Virgin Media Inc. (VMED) declared mixed financial results for the second quarter 2010. Quarterly total revenue of $1,446 million was up 7.1% year over year and mostly in line with the Zacks Consensus Estimate of $1,449 million. The year-over-year increase in revenue was primarily due to significant growth of all four reporting segments of the company.
The second quarter 2010 revenue growth was the highest for Virgin Media in the last four years, despite the fact that this quarter generally recognized as seasonally weakest quarter of the company.

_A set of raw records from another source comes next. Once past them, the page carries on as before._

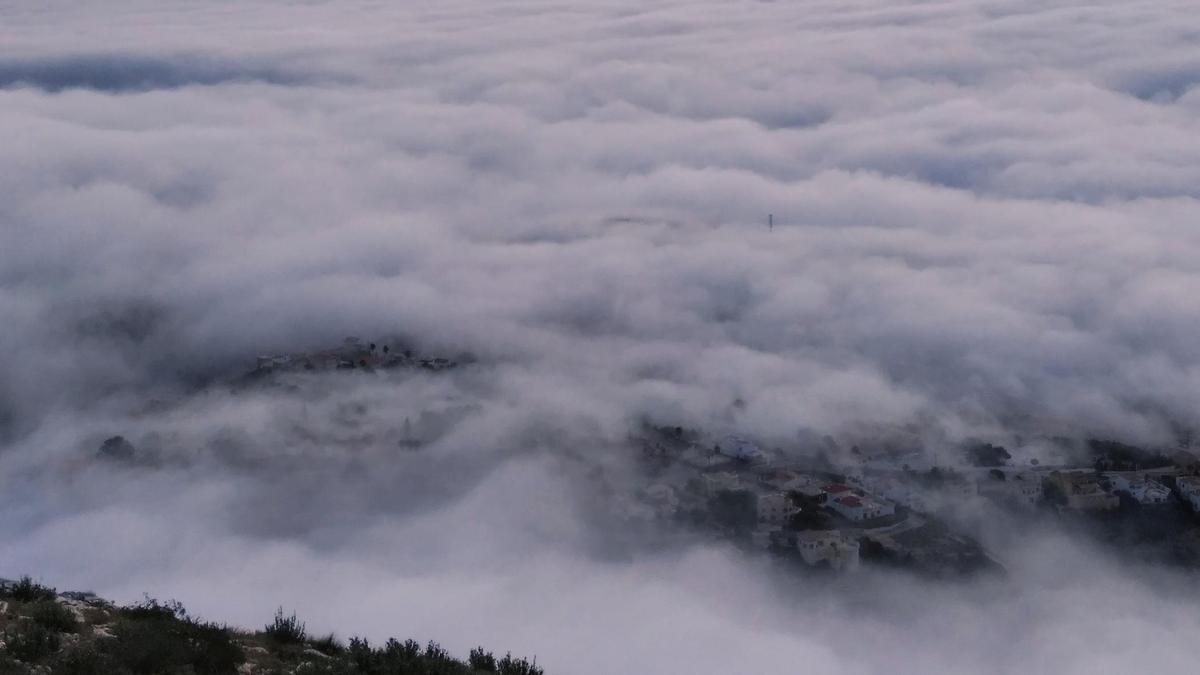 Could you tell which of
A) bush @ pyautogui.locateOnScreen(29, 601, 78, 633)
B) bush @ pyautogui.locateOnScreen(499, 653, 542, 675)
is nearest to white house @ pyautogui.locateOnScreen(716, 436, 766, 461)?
bush @ pyautogui.locateOnScreen(499, 653, 542, 675)

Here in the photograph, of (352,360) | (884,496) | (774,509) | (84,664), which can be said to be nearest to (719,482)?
(774,509)

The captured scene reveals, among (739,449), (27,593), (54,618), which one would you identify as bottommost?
(739,449)

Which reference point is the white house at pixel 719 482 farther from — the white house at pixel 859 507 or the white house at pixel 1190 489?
the white house at pixel 1190 489

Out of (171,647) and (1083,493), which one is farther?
(1083,493)

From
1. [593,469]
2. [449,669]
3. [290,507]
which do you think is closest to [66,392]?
[290,507]

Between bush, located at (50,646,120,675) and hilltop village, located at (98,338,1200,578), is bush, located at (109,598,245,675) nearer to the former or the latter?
bush, located at (50,646,120,675)

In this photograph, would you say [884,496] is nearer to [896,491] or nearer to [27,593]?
[896,491]

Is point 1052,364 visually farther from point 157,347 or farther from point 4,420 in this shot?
point 4,420

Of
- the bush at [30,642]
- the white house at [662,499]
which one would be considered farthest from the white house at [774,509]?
the bush at [30,642] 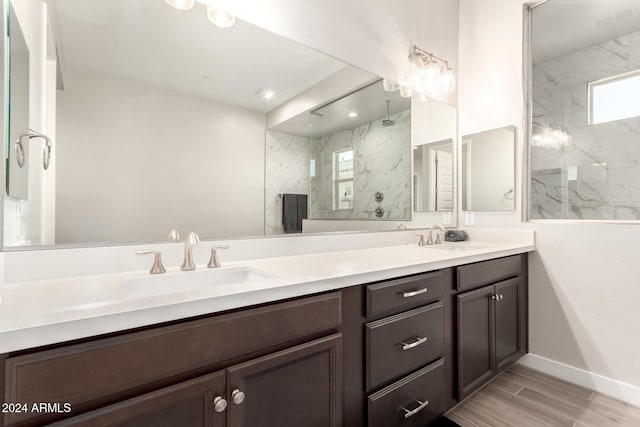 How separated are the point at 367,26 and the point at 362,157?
0.82m

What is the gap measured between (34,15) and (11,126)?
41 cm

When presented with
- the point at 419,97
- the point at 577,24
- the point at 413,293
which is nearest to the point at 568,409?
the point at 413,293

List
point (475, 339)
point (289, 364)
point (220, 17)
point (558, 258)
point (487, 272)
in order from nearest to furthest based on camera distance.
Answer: point (289, 364) → point (220, 17) → point (475, 339) → point (487, 272) → point (558, 258)

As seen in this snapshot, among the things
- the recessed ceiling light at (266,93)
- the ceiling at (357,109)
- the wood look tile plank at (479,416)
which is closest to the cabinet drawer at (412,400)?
the wood look tile plank at (479,416)

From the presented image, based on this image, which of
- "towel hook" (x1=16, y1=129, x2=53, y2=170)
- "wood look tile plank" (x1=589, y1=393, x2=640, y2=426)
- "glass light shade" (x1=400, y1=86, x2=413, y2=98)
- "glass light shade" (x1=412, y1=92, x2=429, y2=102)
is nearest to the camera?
"towel hook" (x1=16, y1=129, x2=53, y2=170)

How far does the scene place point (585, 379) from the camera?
1882 millimetres

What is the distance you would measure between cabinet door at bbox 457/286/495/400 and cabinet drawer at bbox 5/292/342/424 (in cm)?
100

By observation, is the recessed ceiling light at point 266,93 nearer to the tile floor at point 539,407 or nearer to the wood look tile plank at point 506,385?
the tile floor at point 539,407

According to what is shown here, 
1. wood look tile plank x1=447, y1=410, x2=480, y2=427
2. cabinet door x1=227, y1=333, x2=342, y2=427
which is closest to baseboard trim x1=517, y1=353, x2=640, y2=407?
wood look tile plank x1=447, y1=410, x2=480, y2=427

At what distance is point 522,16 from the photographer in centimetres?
220

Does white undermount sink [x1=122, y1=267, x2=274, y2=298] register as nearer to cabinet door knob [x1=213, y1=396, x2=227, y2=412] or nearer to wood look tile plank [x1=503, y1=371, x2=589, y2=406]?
cabinet door knob [x1=213, y1=396, x2=227, y2=412]

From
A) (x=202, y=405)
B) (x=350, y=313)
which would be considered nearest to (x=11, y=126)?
(x=202, y=405)

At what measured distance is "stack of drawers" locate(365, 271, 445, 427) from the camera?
1.13 metres

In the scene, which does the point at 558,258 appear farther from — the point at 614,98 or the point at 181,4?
the point at 181,4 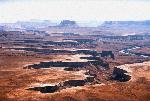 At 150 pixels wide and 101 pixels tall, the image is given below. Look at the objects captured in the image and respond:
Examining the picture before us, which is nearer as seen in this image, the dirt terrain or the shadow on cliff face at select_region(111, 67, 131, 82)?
the dirt terrain

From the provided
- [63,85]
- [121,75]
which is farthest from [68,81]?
[121,75]

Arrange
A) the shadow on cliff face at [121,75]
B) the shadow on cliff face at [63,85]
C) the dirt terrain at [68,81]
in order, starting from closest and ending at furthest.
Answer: the dirt terrain at [68,81] → the shadow on cliff face at [63,85] → the shadow on cliff face at [121,75]

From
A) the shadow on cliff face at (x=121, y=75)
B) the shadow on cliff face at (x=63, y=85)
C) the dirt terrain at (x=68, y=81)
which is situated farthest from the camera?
the shadow on cliff face at (x=121, y=75)

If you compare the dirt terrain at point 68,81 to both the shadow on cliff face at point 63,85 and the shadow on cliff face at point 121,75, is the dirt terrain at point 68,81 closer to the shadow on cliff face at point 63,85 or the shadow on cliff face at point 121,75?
the shadow on cliff face at point 63,85

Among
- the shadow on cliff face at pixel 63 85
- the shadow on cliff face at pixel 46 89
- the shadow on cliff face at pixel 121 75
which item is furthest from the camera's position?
the shadow on cliff face at pixel 121 75

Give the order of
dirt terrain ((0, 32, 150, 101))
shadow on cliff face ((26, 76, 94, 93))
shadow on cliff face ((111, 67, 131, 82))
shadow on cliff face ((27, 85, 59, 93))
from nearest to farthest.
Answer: dirt terrain ((0, 32, 150, 101))
shadow on cliff face ((27, 85, 59, 93))
shadow on cliff face ((26, 76, 94, 93))
shadow on cliff face ((111, 67, 131, 82))

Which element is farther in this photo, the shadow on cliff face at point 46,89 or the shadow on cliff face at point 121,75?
the shadow on cliff face at point 121,75

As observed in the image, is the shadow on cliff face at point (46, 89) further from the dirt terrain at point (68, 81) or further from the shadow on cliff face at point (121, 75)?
the shadow on cliff face at point (121, 75)

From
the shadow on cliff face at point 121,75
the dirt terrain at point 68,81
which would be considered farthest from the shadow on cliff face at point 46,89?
the shadow on cliff face at point 121,75

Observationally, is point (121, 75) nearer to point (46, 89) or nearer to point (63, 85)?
point (63, 85)

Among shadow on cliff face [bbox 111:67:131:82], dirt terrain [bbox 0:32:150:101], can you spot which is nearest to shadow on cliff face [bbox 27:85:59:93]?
dirt terrain [bbox 0:32:150:101]

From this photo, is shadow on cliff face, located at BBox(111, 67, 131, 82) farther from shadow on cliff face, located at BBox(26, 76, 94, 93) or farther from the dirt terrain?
shadow on cliff face, located at BBox(26, 76, 94, 93)

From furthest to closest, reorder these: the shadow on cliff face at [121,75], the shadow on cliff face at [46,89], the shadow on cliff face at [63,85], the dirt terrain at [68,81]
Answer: the shadow on cliff face at [121,75] < the shadow on cliff face at [63,85] < the shadow on cliff face at [46,89] < the dirt terrain at [68,81] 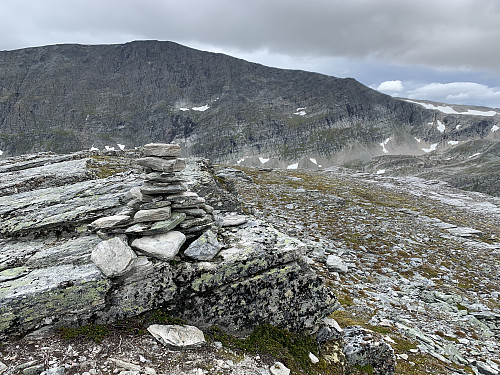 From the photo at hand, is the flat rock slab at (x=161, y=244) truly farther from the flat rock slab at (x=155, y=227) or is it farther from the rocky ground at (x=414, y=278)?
the rocky ground at (x=414, y=278)

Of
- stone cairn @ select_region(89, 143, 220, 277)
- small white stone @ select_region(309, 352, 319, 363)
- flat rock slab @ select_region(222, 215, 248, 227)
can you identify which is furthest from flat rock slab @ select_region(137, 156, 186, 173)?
small white stone @ select_region(309, 352, 319, 363)

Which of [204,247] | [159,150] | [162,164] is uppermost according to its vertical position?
[159,150]

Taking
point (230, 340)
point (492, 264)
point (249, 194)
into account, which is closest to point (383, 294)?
point (230, 340)

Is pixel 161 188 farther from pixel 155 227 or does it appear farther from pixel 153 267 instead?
pixel 153 267

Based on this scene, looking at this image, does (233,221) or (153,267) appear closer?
(153,267)

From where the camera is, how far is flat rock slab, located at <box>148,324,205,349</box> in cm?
794

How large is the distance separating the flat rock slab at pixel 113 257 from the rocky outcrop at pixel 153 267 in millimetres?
33

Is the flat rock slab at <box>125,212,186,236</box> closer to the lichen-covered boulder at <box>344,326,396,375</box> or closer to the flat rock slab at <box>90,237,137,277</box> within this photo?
the flat rock slab at <box>90,237,137,277</box>

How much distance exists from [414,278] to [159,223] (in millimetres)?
18390

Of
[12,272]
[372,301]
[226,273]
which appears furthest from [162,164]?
[372,301]

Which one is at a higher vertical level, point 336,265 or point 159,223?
point 159,223

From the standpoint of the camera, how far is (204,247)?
990cm

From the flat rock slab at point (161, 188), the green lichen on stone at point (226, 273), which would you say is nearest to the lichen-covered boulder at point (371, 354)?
the green lichen on stone at point (226, 273)

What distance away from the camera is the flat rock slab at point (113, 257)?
27.9 ft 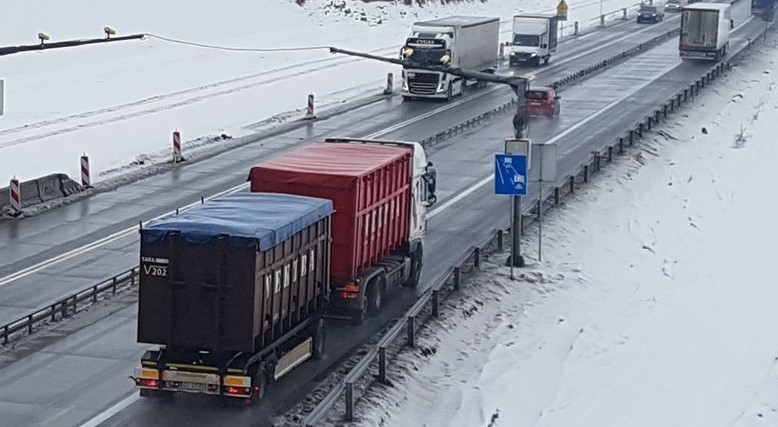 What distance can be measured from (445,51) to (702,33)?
20.5 meters

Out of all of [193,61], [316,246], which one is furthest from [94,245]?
[193,61]

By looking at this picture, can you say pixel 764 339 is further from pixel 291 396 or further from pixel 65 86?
pixel 65 86

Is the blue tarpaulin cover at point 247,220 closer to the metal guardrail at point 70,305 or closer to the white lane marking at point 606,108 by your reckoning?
the metal guardrail at point 70,305

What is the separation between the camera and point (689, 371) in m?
23.6

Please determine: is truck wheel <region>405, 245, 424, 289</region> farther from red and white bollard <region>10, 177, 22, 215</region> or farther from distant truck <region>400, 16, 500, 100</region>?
distant truck <region>400, 16, 500, 100</region>

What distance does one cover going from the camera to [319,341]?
2155 centimetres

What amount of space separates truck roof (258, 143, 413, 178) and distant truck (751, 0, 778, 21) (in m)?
81.1

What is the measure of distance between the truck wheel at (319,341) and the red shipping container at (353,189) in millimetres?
1536

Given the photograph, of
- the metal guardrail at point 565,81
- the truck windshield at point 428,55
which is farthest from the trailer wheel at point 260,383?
the truck windshield at point 428,55

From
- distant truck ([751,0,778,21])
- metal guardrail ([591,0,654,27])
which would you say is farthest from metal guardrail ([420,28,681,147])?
distant truck ([751,0,778,21])

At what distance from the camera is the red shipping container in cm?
2283

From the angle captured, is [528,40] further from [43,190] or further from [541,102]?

Net loss in the second quarter of 2010 was $102.8 million or 32 cents per share compared with a net loss of $82.5 million of 26 cents per share in the prior-year quarter. Quarterly net loss of 32 cents per share was significantly higher than the Zacks Consensus Estimate of a loss of 20 cents per share. This was primarily due to an increase in interest expense and higher loss on debt extinguishment.
Quarterly cost of sales was $591.2 million, up 3.6% year over year. SG&A expense was $300.6 million, up 4.2% year over year. Total operating expenses was $1,327 million, down 0.7% year over year. Quarterly operating income was $119.4 million, up by a whopping 747% year over year.
During the quarter, Virgin Media generated approximately $554.6 million of cash from operations, up 12.9% year over year. Quarterly free cash flow was $163.4 million, up 37.3% year over year.
At the end of the quarter, Virgin Media had approximately $622.4 million of cash and cash equivalents, down 3.6% from the end of fiscal 2009. At the end of the same quarter, total outstanding debt was around $9,079.5 million, up 1.3% from the end of fiscal 2009. At the end of the reported quarter, debt-to-capitalization ratio was 0.82 compared to 0.80 at the end of fiscal 2009.
Capital Return Program
Management has targeted a leverage ratio of net debt-to-operating cash flow of approximately 3.0x within the next 2 to 3 years. Virgin Media will try to achieve this target leverage ratio through strong free cash flow generation as well as certain capital optimization policies. Capital Optimization Policy will have two wings: (1) an initial capital return program of GBP 700 million, and (2) scheduled debt amortization of GBP 525 million within 2011 to 2013.
The board of directors of Virgin Media has authorized a share buyback program of GBP 375 million within the next 12 months. The rest GBP 325 million of the total GBP 700 million package will be used to repurchase the company’s existing convertible debts.
Subscriber Statistics
During the second quarter 2010, Virgin Media added 120,800 net new customers which raised its total customer base to 13,386,000. Net customer addition for Broadband segment was 28,100 resulted in total subscriber base of 4,207,800.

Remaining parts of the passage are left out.